**Task instructions**
Line by line, reproduce exactly the beginning of the listing below, ending with the line that contains "FELIX Felix mascot" and adding nothing.

_____

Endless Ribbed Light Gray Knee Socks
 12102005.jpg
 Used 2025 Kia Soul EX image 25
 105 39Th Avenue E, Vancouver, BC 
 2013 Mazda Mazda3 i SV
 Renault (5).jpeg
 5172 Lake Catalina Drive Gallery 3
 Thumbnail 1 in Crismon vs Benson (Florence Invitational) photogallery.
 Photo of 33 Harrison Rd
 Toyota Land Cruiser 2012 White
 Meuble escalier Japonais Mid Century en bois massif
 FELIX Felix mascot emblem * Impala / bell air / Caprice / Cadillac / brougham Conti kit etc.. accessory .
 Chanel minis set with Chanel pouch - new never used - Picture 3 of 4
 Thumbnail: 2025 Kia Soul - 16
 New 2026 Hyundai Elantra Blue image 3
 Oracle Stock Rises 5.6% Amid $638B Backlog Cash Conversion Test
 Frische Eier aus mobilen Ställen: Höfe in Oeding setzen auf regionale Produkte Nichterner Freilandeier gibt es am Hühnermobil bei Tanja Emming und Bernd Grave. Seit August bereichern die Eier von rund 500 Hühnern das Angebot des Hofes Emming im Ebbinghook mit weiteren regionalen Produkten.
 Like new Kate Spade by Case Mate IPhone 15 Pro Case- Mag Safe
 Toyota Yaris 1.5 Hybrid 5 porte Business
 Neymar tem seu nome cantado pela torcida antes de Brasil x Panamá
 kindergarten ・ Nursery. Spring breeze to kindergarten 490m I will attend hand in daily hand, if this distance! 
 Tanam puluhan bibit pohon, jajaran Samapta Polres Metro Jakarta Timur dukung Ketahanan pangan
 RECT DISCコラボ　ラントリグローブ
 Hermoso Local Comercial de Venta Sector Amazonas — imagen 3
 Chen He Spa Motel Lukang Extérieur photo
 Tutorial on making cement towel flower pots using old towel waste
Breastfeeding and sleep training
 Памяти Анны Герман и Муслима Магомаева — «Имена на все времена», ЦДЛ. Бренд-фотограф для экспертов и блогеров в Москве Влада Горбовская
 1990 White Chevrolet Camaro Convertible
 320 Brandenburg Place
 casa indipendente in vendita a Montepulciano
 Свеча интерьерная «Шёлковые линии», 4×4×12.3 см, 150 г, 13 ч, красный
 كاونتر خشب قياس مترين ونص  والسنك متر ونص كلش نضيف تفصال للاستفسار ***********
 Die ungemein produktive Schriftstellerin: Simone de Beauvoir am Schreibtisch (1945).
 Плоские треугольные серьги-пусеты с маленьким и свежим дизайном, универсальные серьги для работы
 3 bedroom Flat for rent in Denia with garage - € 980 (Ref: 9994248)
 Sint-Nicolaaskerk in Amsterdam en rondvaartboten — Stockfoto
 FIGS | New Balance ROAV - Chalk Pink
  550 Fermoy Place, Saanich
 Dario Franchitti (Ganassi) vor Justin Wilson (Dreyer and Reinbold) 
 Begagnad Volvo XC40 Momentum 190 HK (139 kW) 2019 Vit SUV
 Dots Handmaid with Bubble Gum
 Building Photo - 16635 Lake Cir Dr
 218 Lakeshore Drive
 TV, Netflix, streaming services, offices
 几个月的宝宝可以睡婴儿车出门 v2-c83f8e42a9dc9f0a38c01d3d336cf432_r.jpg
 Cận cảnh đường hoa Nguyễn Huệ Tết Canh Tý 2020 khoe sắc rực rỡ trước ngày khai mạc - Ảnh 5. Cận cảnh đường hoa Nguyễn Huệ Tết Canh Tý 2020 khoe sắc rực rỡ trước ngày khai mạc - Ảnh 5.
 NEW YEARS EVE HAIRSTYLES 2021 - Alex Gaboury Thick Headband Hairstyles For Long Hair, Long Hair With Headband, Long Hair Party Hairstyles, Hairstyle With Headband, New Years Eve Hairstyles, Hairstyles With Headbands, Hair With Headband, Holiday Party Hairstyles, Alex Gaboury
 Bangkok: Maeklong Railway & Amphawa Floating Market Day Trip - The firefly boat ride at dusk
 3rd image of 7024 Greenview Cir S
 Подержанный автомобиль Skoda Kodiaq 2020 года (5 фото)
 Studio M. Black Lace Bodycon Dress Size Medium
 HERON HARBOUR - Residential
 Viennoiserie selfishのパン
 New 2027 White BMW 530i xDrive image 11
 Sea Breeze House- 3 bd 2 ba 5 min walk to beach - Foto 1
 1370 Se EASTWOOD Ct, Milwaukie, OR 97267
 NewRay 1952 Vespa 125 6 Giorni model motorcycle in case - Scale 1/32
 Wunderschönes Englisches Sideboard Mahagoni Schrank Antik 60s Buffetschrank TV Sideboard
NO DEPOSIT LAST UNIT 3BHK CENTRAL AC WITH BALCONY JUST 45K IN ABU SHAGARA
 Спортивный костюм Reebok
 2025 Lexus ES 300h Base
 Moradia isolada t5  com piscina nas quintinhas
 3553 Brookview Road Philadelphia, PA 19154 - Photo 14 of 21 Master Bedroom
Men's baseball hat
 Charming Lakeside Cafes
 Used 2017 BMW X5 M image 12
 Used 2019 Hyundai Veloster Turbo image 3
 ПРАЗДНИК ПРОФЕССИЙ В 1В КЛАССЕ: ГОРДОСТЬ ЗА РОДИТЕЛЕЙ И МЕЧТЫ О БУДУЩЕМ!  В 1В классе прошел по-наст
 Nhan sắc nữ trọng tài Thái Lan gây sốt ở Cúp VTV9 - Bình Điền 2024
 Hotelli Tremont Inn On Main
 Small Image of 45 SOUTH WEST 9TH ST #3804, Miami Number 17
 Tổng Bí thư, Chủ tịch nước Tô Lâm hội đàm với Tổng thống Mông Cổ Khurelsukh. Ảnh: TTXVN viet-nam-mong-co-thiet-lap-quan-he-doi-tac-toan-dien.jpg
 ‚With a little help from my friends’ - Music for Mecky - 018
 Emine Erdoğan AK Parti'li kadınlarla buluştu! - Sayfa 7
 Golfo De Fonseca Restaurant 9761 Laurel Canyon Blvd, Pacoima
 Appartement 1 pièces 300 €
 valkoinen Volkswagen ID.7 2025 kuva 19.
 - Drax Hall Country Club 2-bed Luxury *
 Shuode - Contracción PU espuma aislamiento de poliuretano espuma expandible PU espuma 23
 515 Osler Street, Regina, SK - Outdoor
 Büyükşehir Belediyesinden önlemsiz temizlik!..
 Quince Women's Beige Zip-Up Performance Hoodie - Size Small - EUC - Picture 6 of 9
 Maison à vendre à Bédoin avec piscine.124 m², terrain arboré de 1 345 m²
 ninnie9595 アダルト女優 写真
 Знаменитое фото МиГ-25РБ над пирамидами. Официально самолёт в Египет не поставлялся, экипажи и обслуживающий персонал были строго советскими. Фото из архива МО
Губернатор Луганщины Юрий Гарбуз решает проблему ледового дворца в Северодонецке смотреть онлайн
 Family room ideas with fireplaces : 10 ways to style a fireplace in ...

_____

**Exercise answer**
Endless Ribbed Light Gray Knee Socks
 12102005.jpg
 Used 2025 Kia Soul EX image 25
 105 39Th Avenue E, Vancouver, BC 
 2013 Mazda Mazda3 i SV
 Renault (5).jpeg
 5172 Lake Catalina Drive Gallery 3
 Thumbnail 1 in Crismon vs Benson (Florence Invitational) photogallery.
 Photo of 33 Harrison Rd
 Toyota Land Cruiser 2012 White
 Meuble escalier Japonais Mid Century en bois massif
 FELIX Felix mascot emblem * Impala / bell air / Caprice / Cadillac / brougham Conti kit etc.. accessory .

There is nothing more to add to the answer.